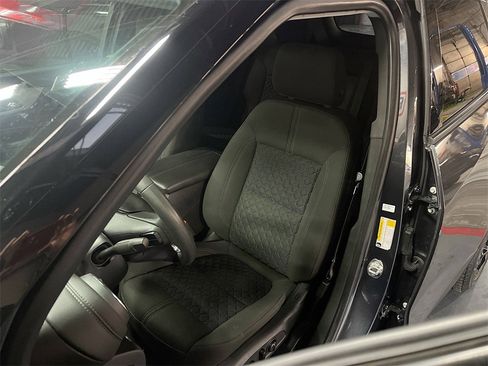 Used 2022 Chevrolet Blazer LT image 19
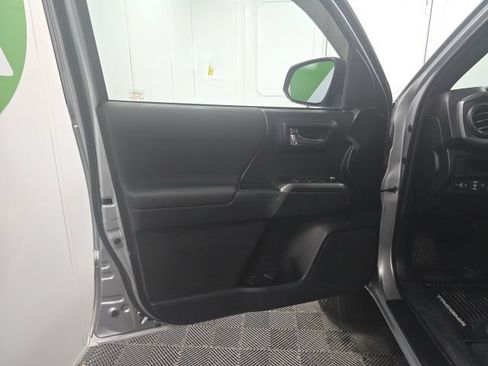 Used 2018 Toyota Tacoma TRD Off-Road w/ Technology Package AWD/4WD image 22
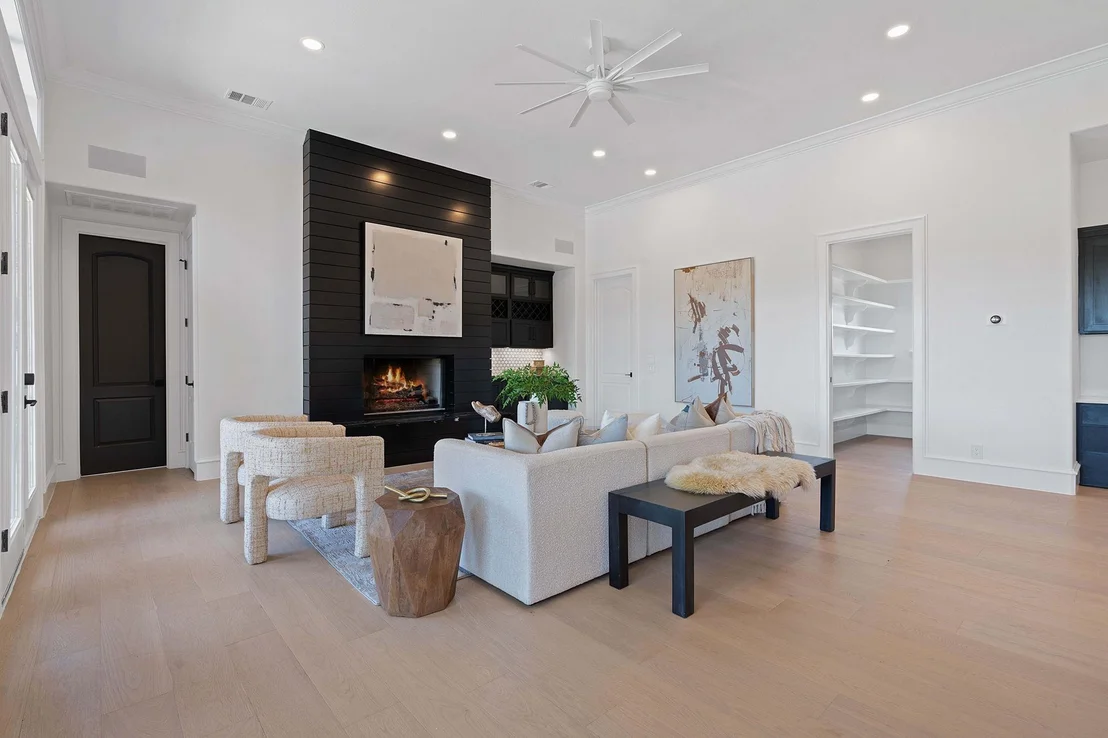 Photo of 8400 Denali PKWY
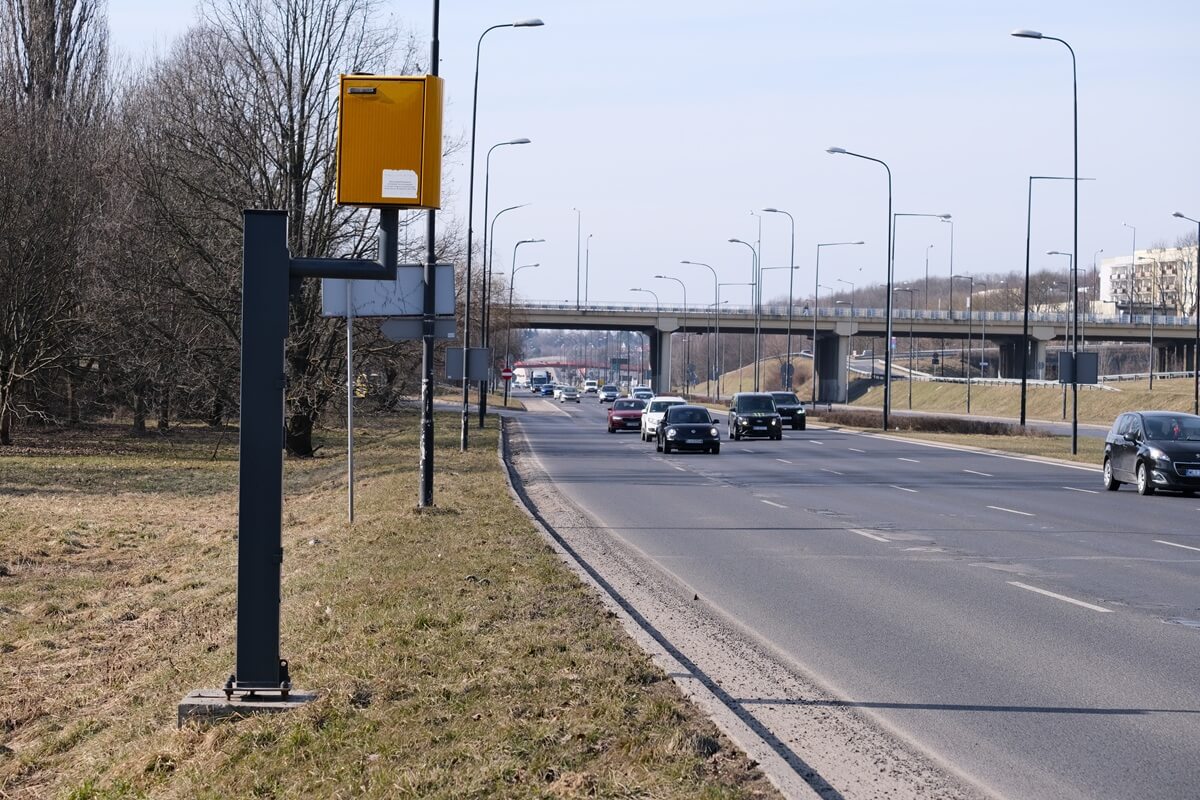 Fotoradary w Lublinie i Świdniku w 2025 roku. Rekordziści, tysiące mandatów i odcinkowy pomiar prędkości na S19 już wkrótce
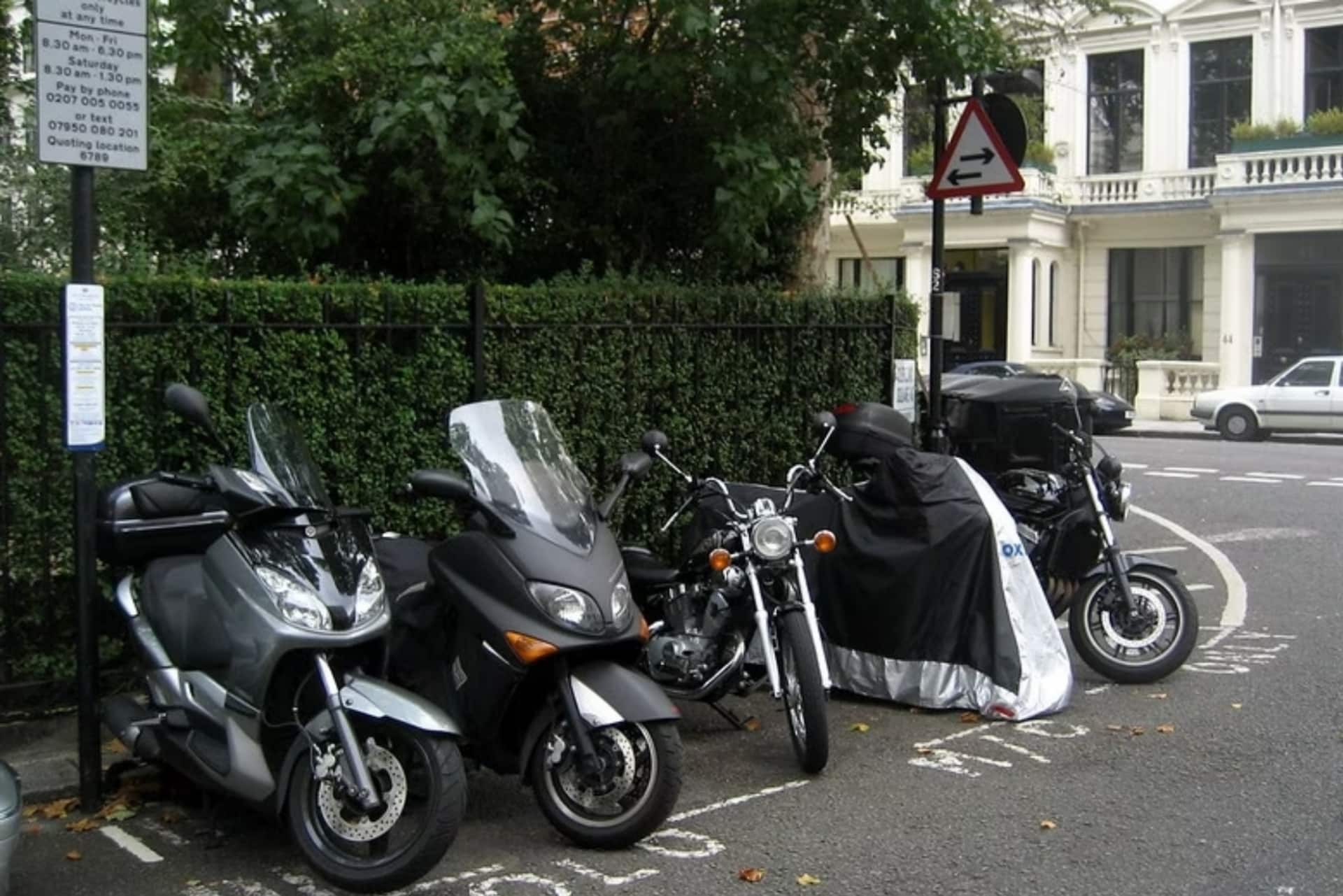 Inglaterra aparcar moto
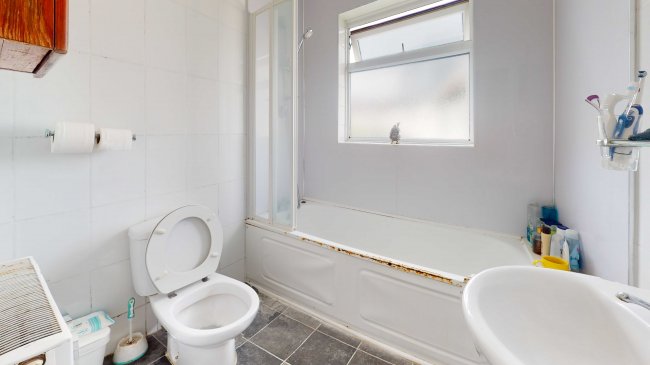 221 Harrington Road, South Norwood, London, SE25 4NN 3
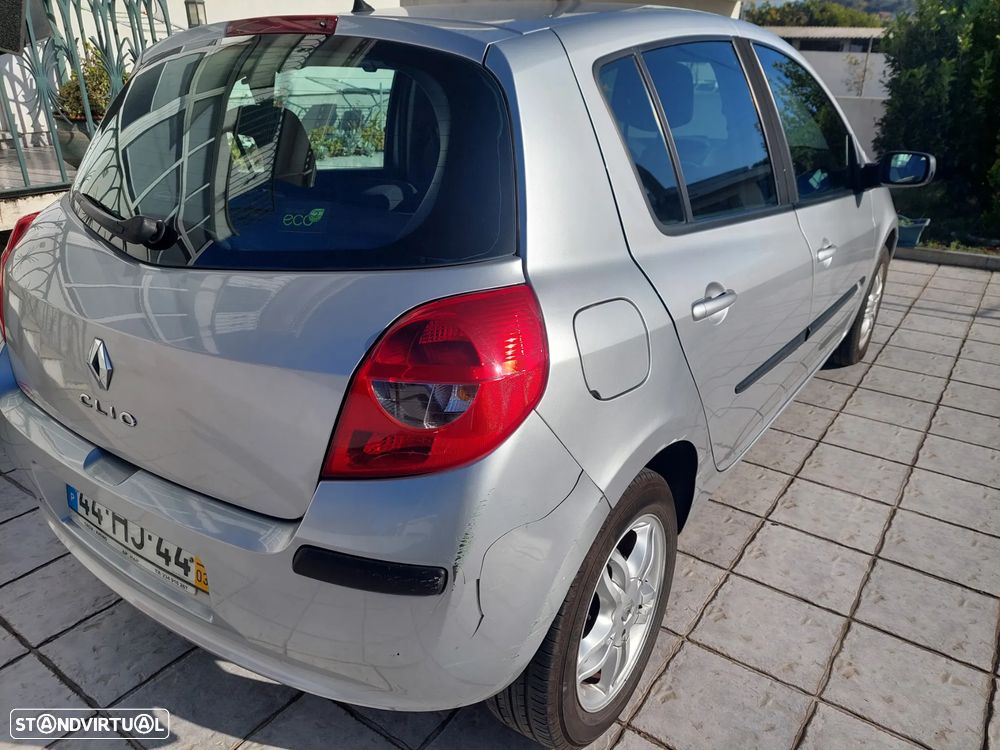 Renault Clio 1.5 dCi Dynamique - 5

★ ★ ★ ★ ★

▸ Task directions
Restate the data above word for word, so that the only difference is the missing pictures.

▸ Answer box
 Used 2022 Chevrolet Blazer LT image 19
 Used 2018 Toyota Tacoma TRD Off-Road w/ Technology Package AWD/4WD image 22
 Photo of 8400 Denali PKWY
 Fotoradary w Lublinie i Świdniku w 2025 roku. Rekordziści, tysiące mandatów i odcinkowy pomiar prędkości na S19 już wkrótce
 Inglaterra aparcar moto
 221 Harrington Road, South Norwood, London, SE25 4NN 3
 Renault Clio 1.5 dCi Dynamique - 5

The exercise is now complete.